The combi-targeting concept: intracellular fragmentation of the binary epidermal growth factor (EGFR)/DNA targeting “combi-triazene” SMA41

Stephanie L. Matheson , Fouad Brahimi and Bertrand J. Jean-Claude Corresponding Author Contact Information, E-mail The Corresponding Author
Cancer Drug Research Laboratory, McGill University Health Center/Royal Victoria Hospital, M7.19, 687 Pine Ave. West, Montreal, Que., Canada H3A 1A1
Received 28 August 2003;  accepted 15 October 2003.  Available online 14 January 2004.



Abstract

We have designed a novel tumor targeting strategy that consists of designing molecules termed “combi-molecules” or TZ-I to be masked forms of multiple antitumor agents. One such molecule SMA41, the TZ-I prototype, has been shown to target the epidermal growth factor receptor (EGFR) and to degrade under physiological conditions to give SMA52 (I) (an inhibitor of EGFR) and methyldiazonium (TZ) (a DNA alkylating species). While the antiproliferative advantages of this novel binary targeting strategy have now been demonstrated, the exact subcellular localization of the degradation products released from SMA41 remained elusive. Here we exploited the fluorescence properties of SMA52 to study its release from SMA41 and its subcellular distribution. Further, using 14C-labeled SMA41, we determined the distribution of the methydiazonium within subcellular macromolecules (DNA, RNA, protein). The results showed that SMA41 degraded to SMA52 in the carcinoma of the vulva cell line A431 with a half-life of 11 min. The latter compound was primarily distributed in the perinuclear region. At equimolar concentrations, higher levels of SMA52 were observed when released from SM41 than when the cells were directly exposed to SMA52, indicating that the combi-molecular approach may offer a transport advantage to the released bioactive species. Radioactivity associated with SMA41 3-[14C]-methyl group was distributed throughout DNA, RNA, and protein, the latter macromolecule being the most alkylated. The results suggest that SMA41 (TZ-I) may diffuse into the cells, break down into two species: SMA52 (I) concentrated in the perinuclear region and methyldiazonium (TZ) that diffuses in all intracellular organelles and unspecifically alkylates RNA, protein, and nuclear DNA.

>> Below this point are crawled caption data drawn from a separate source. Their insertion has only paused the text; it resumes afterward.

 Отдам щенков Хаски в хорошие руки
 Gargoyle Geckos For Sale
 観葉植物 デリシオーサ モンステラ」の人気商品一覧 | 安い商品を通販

cpm, counts per minute; EGFR, epidermal growth factor receptor; I, tyrosine kinase inhibitor; TZ, triazene; TZ-I, combi-triazene



1. Introduction

The overexpression and dysfunction of the epidermal growth factor receptor (EGFR) is associated with aggressive tumor growth, autocrine stimulatory loops, and poor patient prognosis [1, 2 and 3]. Blockade of the tyrosine kinase (TK) activity of EGFR using small molecule inhibitors has now been shown to translate into significant antitumor activity in vivo [4 and 5]. Novel 4-anilinoquinazolines have been developed that bind to the ATP binding site of EGFR TK, thereby blocking EGFR autophosphorylation and downstream growth signaling [6 and 7]. Since these compounds block EGF-induced growth, where apoptosis is not induced they only exert a reversible cytostatic effect. Further, they require long-term repeated doses in order to induce tumor regression in vivo. This is in agreement with our recent observation that 6-aminoquinazolines lose their antiproliferative activities when cell cultures are washed free of the drugs [8].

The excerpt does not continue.